[9] RFR(M) 8041984: CompilerThread seems to occupy all CPU in a very rare situation
Vladimir Kozlov
vladimir.kozlov at oracle.com
Tue Oct 21 21:32:29 UTC 2014
Please, I need reviews.
Thanks,
Vladimir
On 10/14/14 4:52 PM, Vladimir Kozlov wrote:
> I updated changes.
>
> http://cr.openjdk.java.net/~kvn/8041984/webrev.01/
>
> As David suggested I added SAMPLE_SIZE constant:
>
> #define SAMPLE_SIZE 4
> if ((next % SAMPLE_SIZE) == 0) {
> // Each 4 iterations calculate how much time it will take
> // to complete graph construction.
> time.stop();
> double stop_time = time.seconds();
> double time_per_iter = (stop_time - start_time) /
> (double)SAMPLE_SIZE;
> double time_until_end = time_per_iter *
> (double)(java_objects_length - next);
> if ((start_time + time_until_end) >= EscapeAnalysisTimeout) {
>
> I also replaced TIME_LIMIT constant with flag:
>
> product(double, EscapeAnalysisTimeout, 20. DEBUG_ONLY(+40.), \
> "Abort EA when it reaches time limit (in sec)") \
>
> Thanks,
> Vladimir
>
> On 10/14/14 1:40 PM, Vladimir Kozlov wrote:
>> On 10/14/14 10:30 AM, David Chase wrote:
>>> I’m curious about the granularity of the completion-prediction —
>>> you’re checking every 4 iterations and extrapolating from there.
>>> Do we know that the times are that uniform, or would we be better off
>>> with larger sample sizes?
>>
>> Yes, I observed uniformly slowly growing times for PARTS of iterations
>> and not all iterations.

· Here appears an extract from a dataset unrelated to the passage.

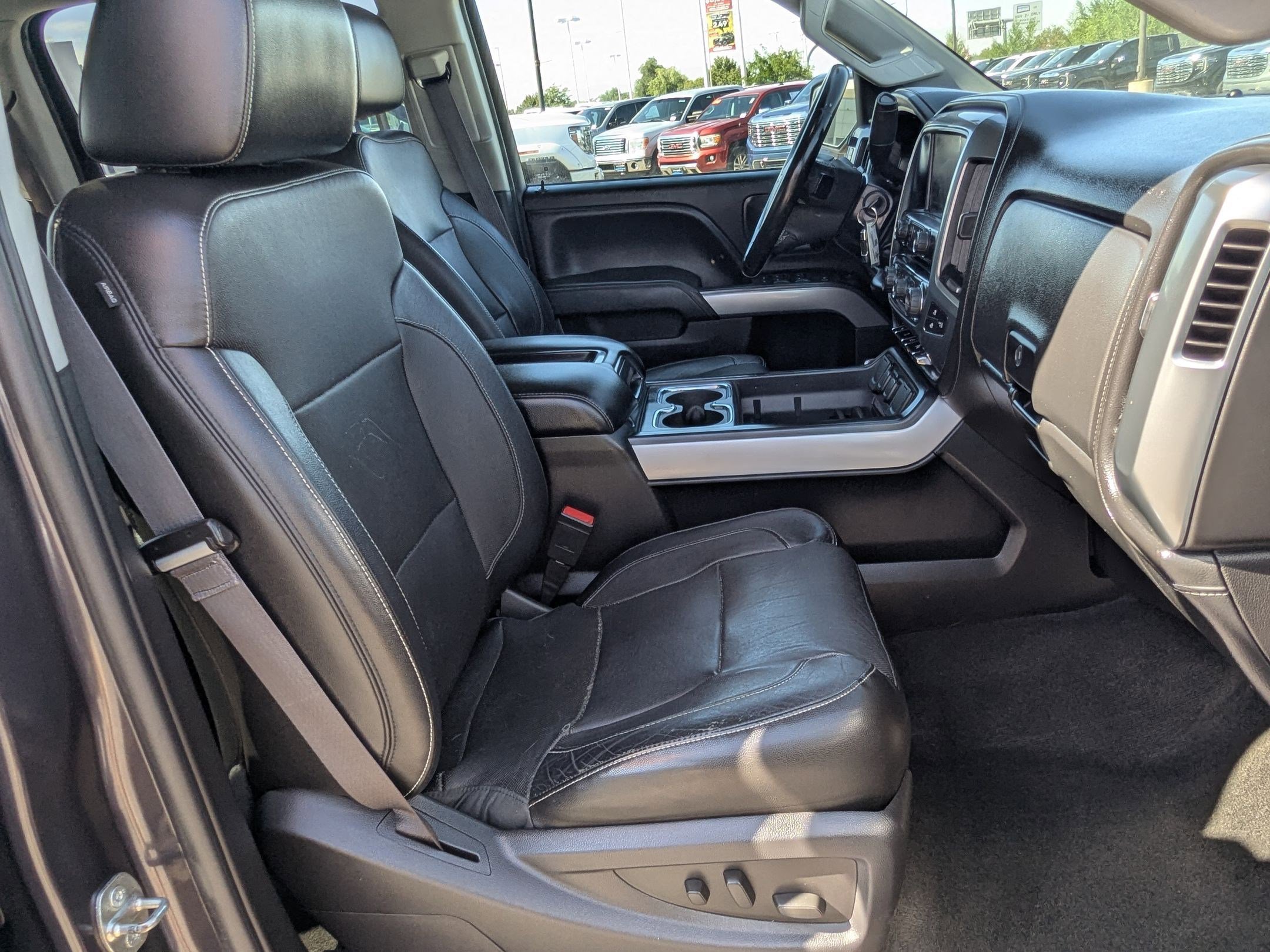 2015 Chevrolet Silverado 2500HD LTZ photo 22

That is why I want to take several samples.
>> For example first iterations where fast but when array allocation
>> objects begin processed time are rapidly growing.
>> If I take very big sample fast iterations affect the result - delay
>> abort.
>>
>> I did implementation similar to your "alternate approach" suggestion and
>> I saw that the abort happened much later than with current my approach.
>>
>>> (How long does a single iteration take, anyway?)
>>
>> As I said one slow iteration may take upto 1 sec. So I want to abort as
>> soon as I see a such case (but allow spikes). Taking larger sample sizes
>> may delay an abort for several seconds.
>>
>>>
>>> And in the sample code, I see the choice of sample size (4) encoded as
>>> (next & 3) == 0
>>> // Each 4 iterations calculate how much time it will take
>>> double time_per_iter = (stop_time - start_time) * 0.25;
>>>
>>> why not write this as (say)
>>>
>>> static const int LOG_SAMPLE_SIZE = 2;
>>> static const int SAMPLE_SIZE = (1 << LOG_SAMPLE_SIZE);
>>> next % SAMPLE_SIZE == 0 // next could be a uint, couldn’t it?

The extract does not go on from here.